A Bank/BS would have to be very desperate for money to now offer a really high rate against the competition.
Others will treat unusual high rates with deep suspicion, suggesting a company's desperate need to shore up cash.
There are still some good deals, the Tesco internet account is 6.5% shortly to drop to 6% for the first year, and there are others, you just have to shop around.
http://www.moneyfacts.co.uk/savings/bestbuys/default.aspx0 -
I agree. This is why the whole Icelandic situation came about in the first place. Exactly the same situation. It will, I predict, have just the same outcome as the first one and I even suspect the Audit Commission will be hunting down the foreign accounts soon. We will, no doubt, meet in passing.
The only solace I think we can find is that with the pound plummeting (1.16 against the Euro today) inflation, I fear, can be but around certain corners and --- regardless what they all say --- will force rates back up. Of course, that doesn't help in the short term and without the access.

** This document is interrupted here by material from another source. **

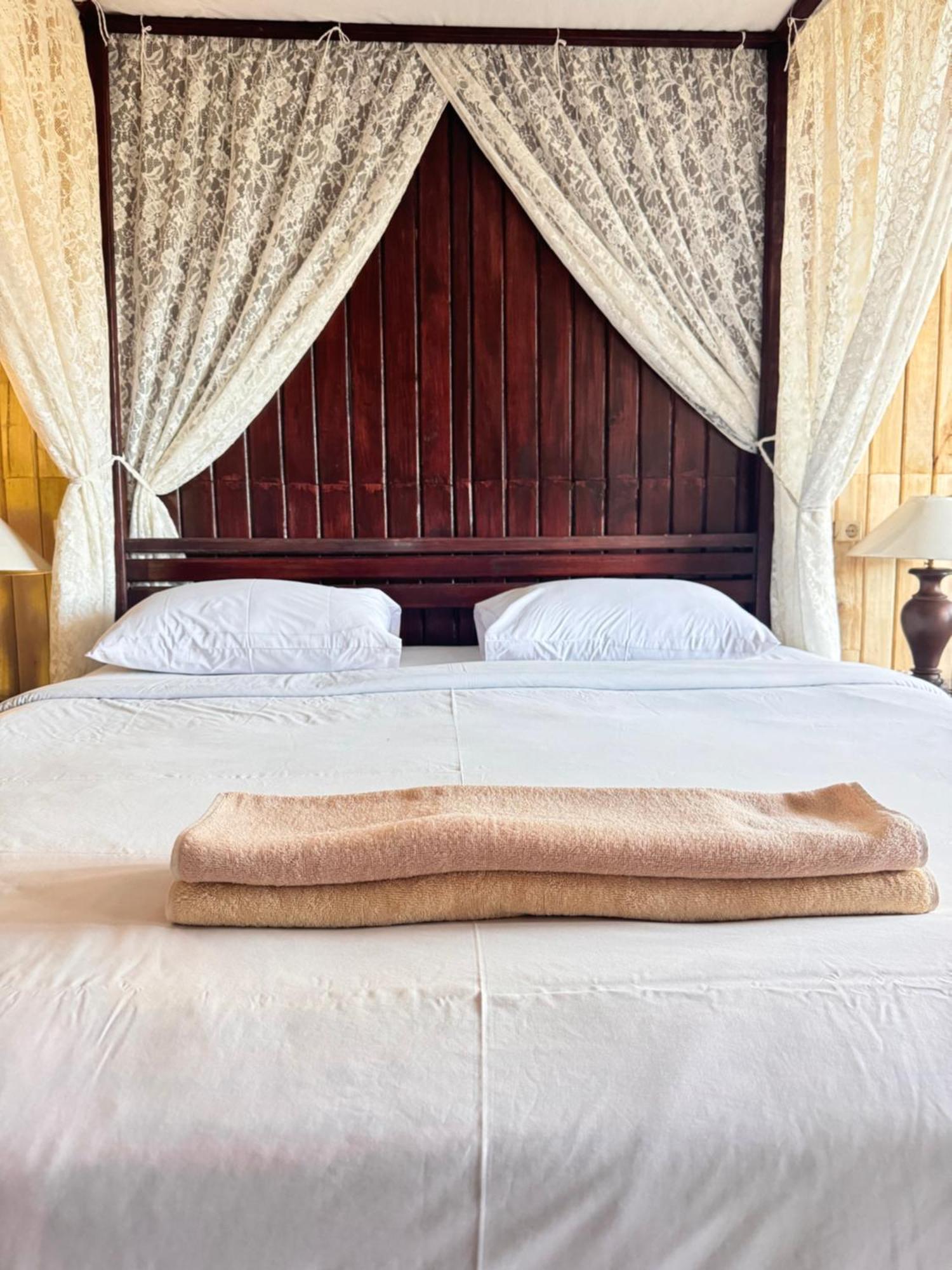 ホテル Puri Alam Bali Munduk エクステリア 写真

I think that what it does mean --- is that if you invest more than any limit --- you should invest in easy access or in bonds with breakable terms so that you can have some control over your own situation in world markets.0 -
Further to my previous note - I cannot activate the 'edit' button at the moment - I would like to recommend people take a look at this posting on the FT:
http://blogs.ft.com/maverecon/2008/11/how-likely-is-a-sterling-crisis-or-is-london-really-reykjavik-on-thames/
I am glad that someone apart from myself seems to have come to this conclusion.0 -
The most vivid two sentences in the referenced article are these:
With enough mistrust, the interest rates will rise by enough to crowd out completely the stimulus to private demand provided by the tax cut or public spending increase. Lack of confidence in the government’s fiscal sustainability would also undermine confidence in sterling. In the worst case, we could see a run on the banks, on the public debt and on sterling all at the same time. This is not the most likely outcome yet, in my view. But it is a distinct possibility.